STF ressalta liberdade de expressão e sustenta que ‘marchas da maconha’ não fazem apologia ao crime

Todos os ministros acompanharam o relator, favorável a manifestações pela descriminalização da droga. Placar final foi unânime (8 a 0)

São Paulo – O Supremo Tribunal Federal (STF) decidiu de forma unânime a favor da realização das chamadas “marchas da maconha”, pela descriminalização da droga no país. Eles ressaltaram que, nesse caso, prevalece a liberdade de expressão e que não há apologia ao crime – argumento normalmente usado por juízes para proibir esse tipo de evento. Segundo o relator do processo, ministro Celso de Mello, o objetivo dessas manifestações não é estimular o consumo, mas expor ao público, de forma pacífica, uma proposta de legalização. As observações foram feitas nesta quarta-feira (15), durante julgamento da Arguição de Descumprimento de Preceito Fundamental (ADPF) 187, apresentada pela Procuradoria Geral da República em julho de 2009. Os ministros Luiz Fux, Cármen Lúcia, Ricardo Lewandowski, Ayres Britto, Ellen Gracie, Marco Aurélio e Cezar Peluso acompanharam o relator, fechando o placar em 8 a 0.
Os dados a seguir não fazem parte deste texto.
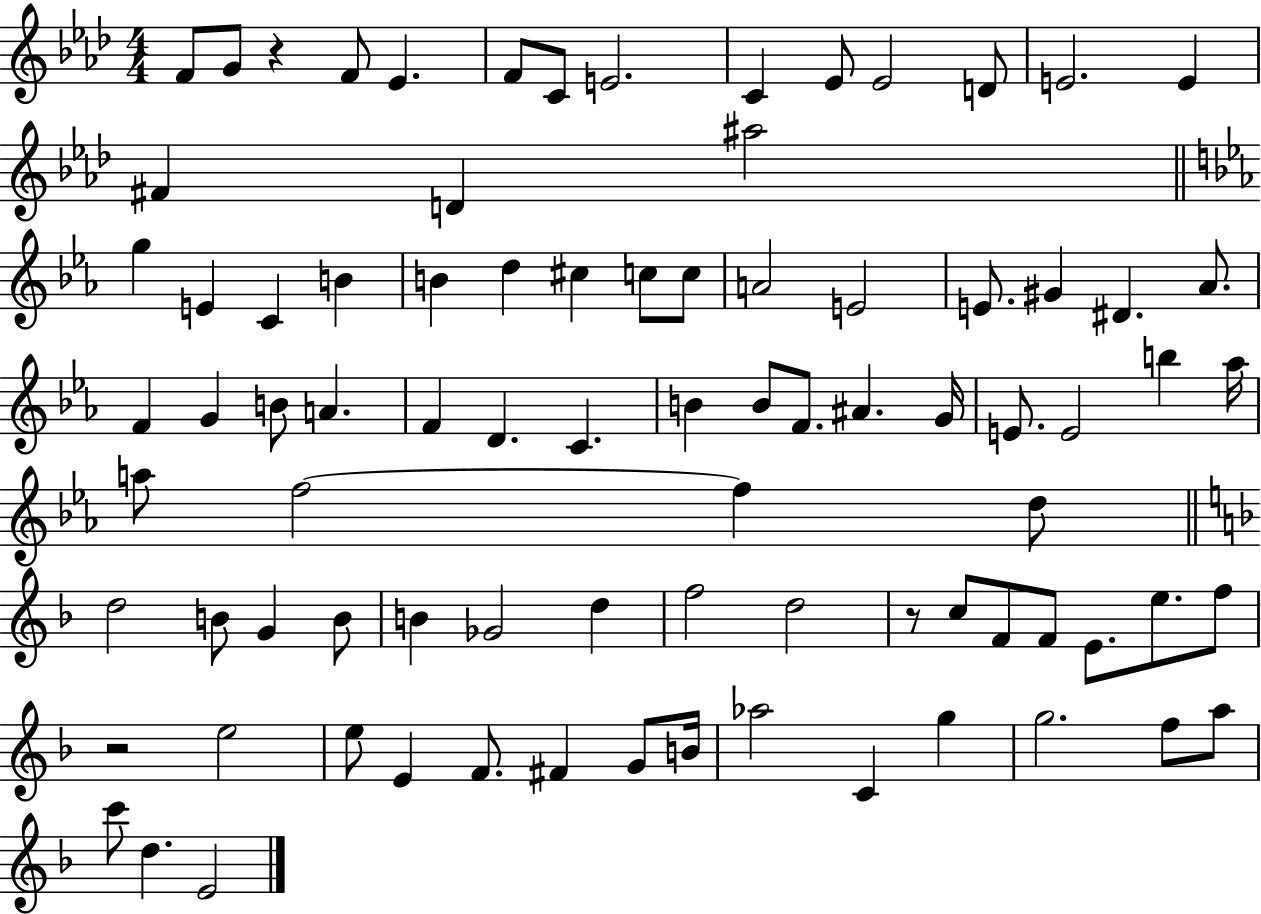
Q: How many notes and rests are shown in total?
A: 85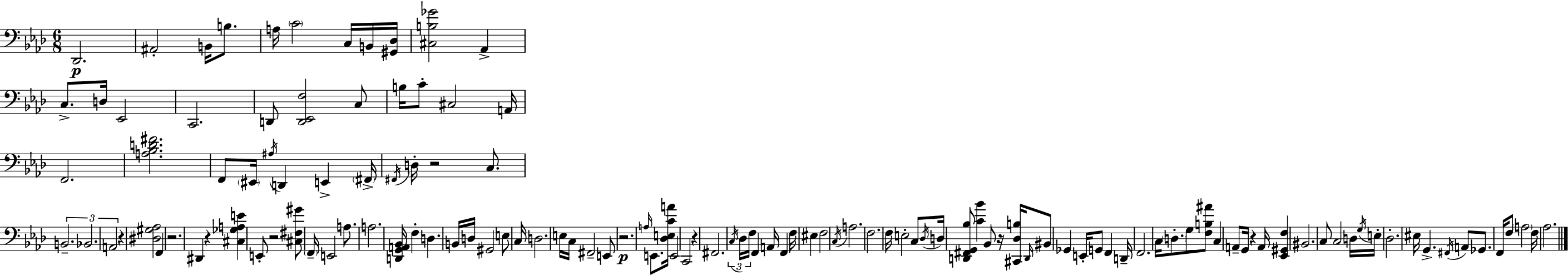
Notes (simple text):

Db2/h. A#2/h B2/s B3/e. A3/s C4/h C3/s B2/s [G#2,Db3]/s [C#3,B3,Gb4]/h Ab2/q C3/e. D3/s Eb2/h C2/h. D2/e [D2,Eb2,F3]/h C3/e B3/s C4/e C#3/h A2/s F2/h. [A3,Bb3,D4,F#4]/h. F2/e EIS2/s A#3/s D2/q E2/q F#2/s F#2/s D3/s R/h C3/e. B2/h. Bb2/h. A2/h R/q [D#3,G#3,Ab3]/h F2/q R/h. D#2/q R/q [C#3,Gb3,A3,E4]/q E2/e R/h [C#3,F#3,G#4]/e F2/s E2/h A3/e. A3/h. [D2,G2,A2,Bb2]/s F3/q D3/q. B2/s D3/s G#2/h E3/e C3/s D3/h. E3/s C3/s F#2/h E2/e R/h. A3/s E2/e. [Db3,E3,C4,A4]/s E2/h C2/h R/q F#2/h. C3/s Db3/s F3/s F2/q A2/s F2/q F3/s EIS3/q F3/h C3/s A3/h. F3/h. F3/s E3/h C3/e Db3/s D3/s [D2,F#2,G2,Bb3]/e [C4,Bb4]/q Bb2/e R/s [C#2,Db3,B3]/s D2/s BIS2/e Gb2/q E2/s G2/e F2/q D2/s F2/h. C3/s D3/e. G3/e [F3,B3,A#4]/e C3/q A2/e G2/s R/q A2/s [Eb2,G#2,F3]/q BIS2/h. C3/e C3/h D3/s G3/s E3/s Db3/h. EIS3/s G2/q. F#2/s A2/e Gb2/e. F2/s F3/e A3/h F3/s Ab3/h.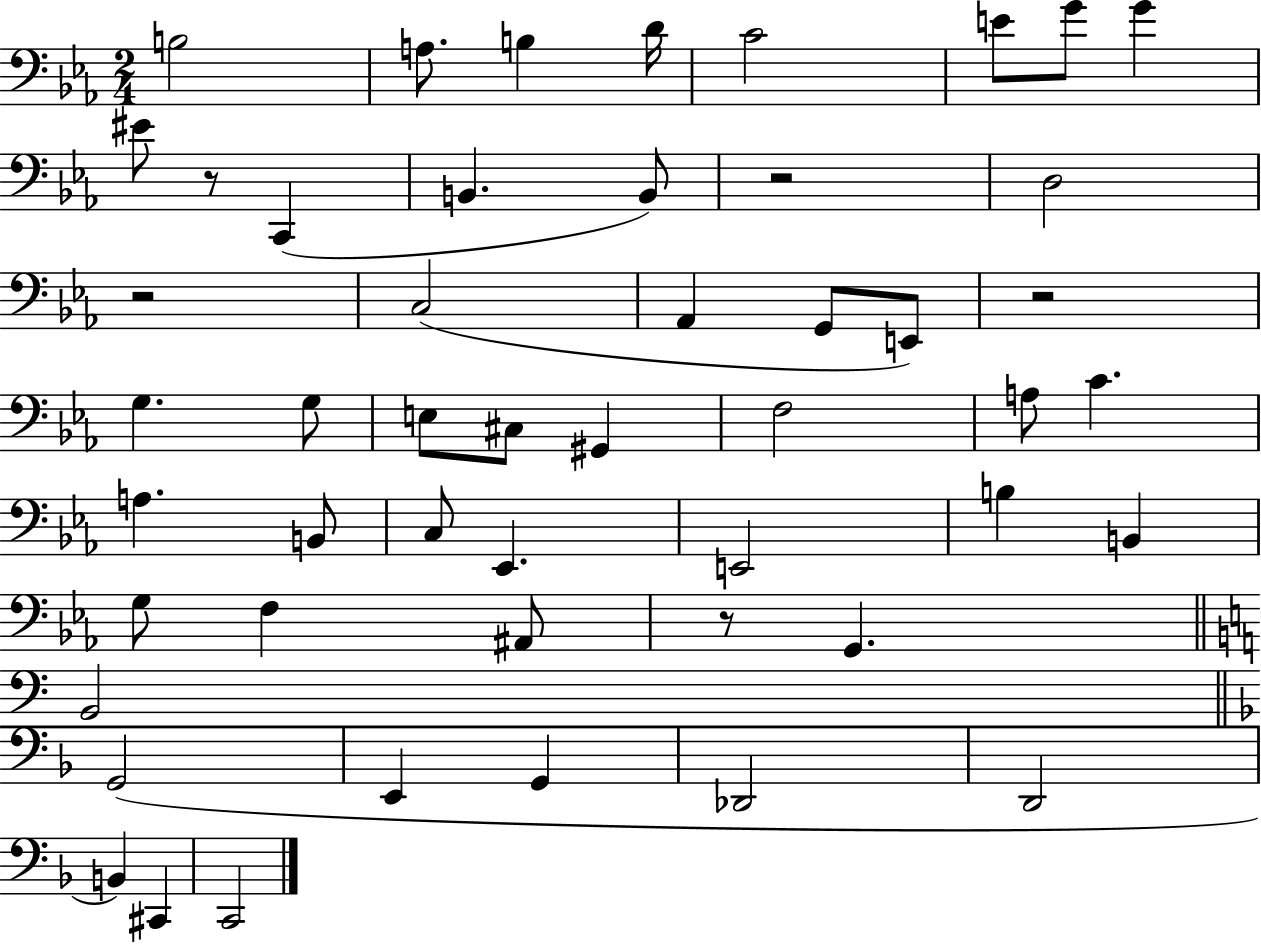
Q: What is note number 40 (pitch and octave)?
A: G2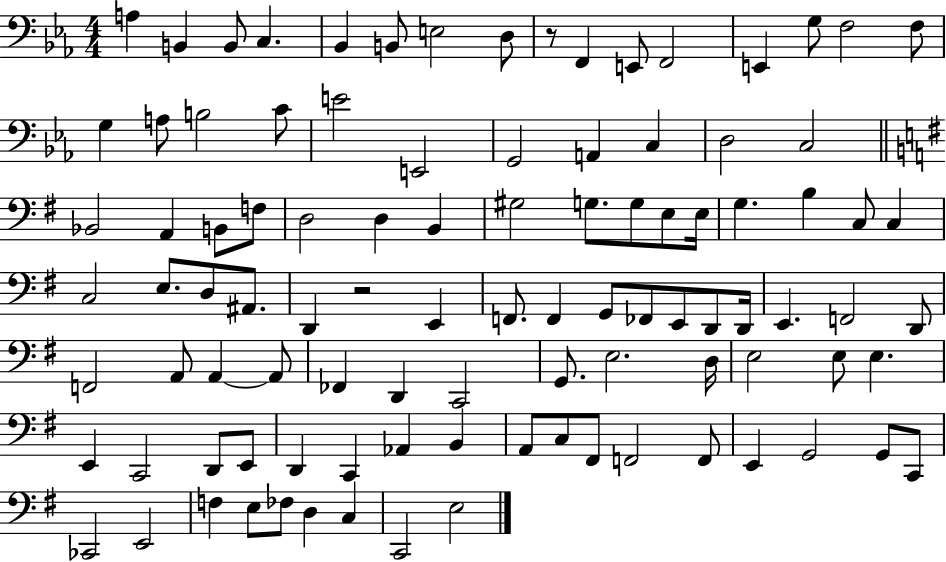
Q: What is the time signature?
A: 4/4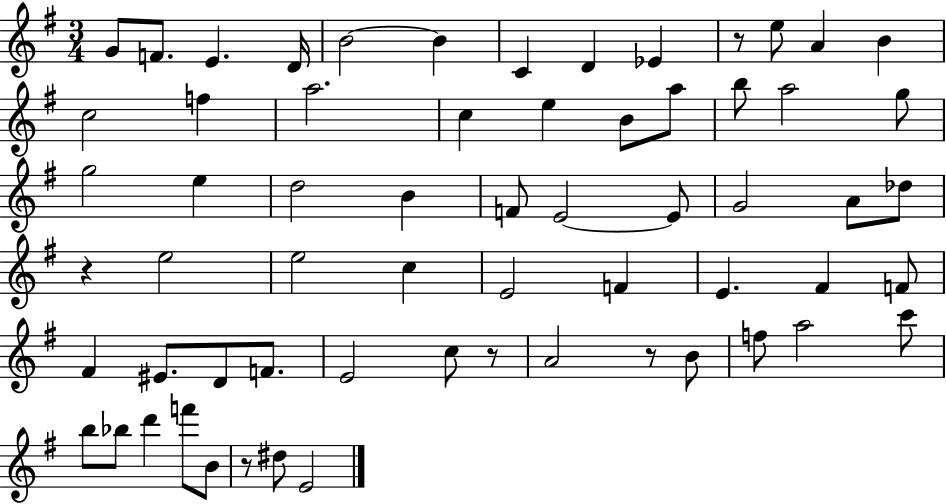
X:1
T:Untitled
M:3/4
L:1/4
K:G
G/2 F/2 E D/4 B2 B C D _E z/2 e/2 A B c2 f a2 c e B/2 a/2 b/2 a2 g/2 g2 e d2 B F/2 E2 E/2 G2 A/2 _d/2 z e2 e2 c E2 F E ^F F/2 ^F ^E/2 D/2 F/2 E2 c/2 z/2 A2 z/2 B/2 f/2 a2 c'/2 b/2 _b/2 d' f'/2 B/2 z/2 ^d/2 E2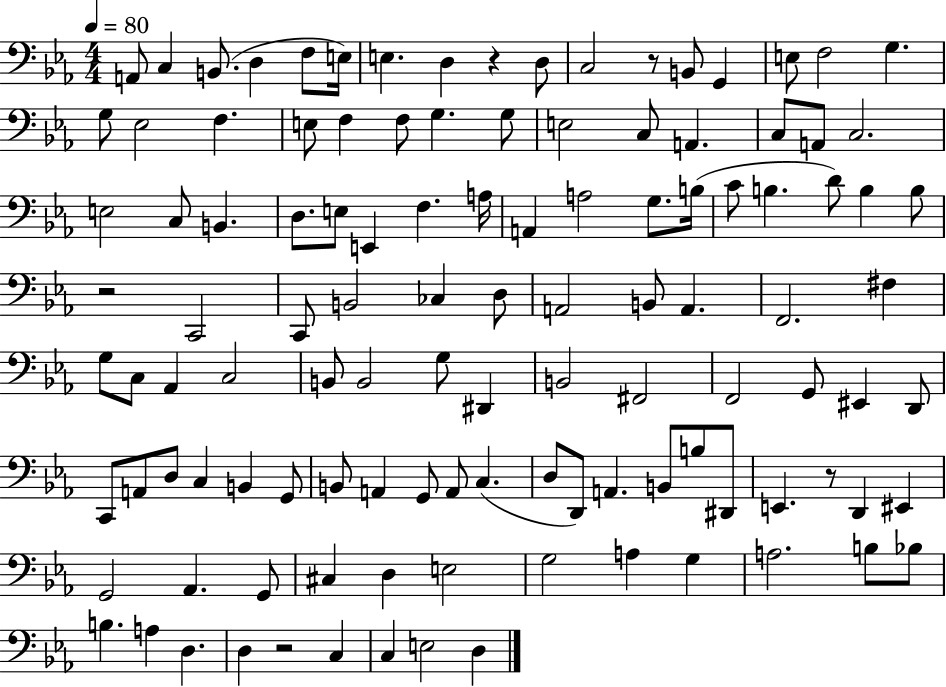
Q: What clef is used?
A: bass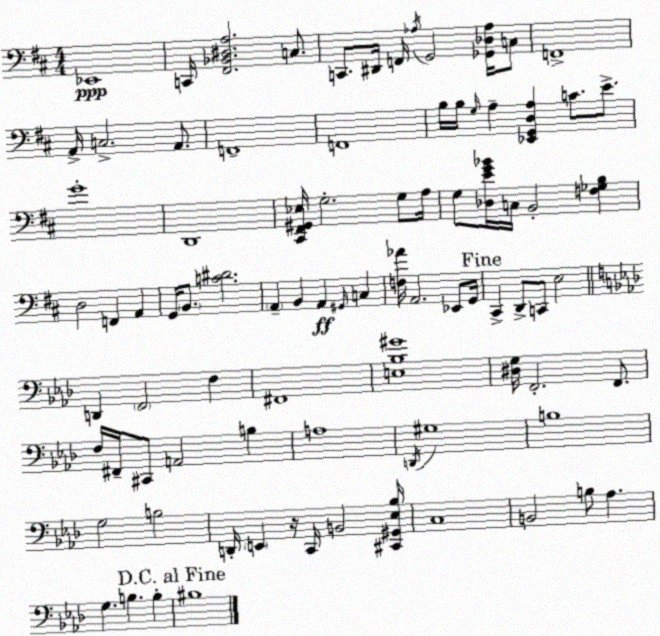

O relator reiterou que a defesa do ponto de vista é legal, mas isso não significa permissão para uso de droga durantes as manifestações. E acrescentou: a liberdade de expressão não se limita às ideias aceitas pela maioria. Para Celso de Mello, a chamada “marcha da maconha” representa a “expressão concreta do exercício legítimo da liberdade de reunião”. A ministra Cármen Lúcia chegou a se referir ao período da ditadura (1964-1985), durante a qual reuniões públicas eram reprimidas.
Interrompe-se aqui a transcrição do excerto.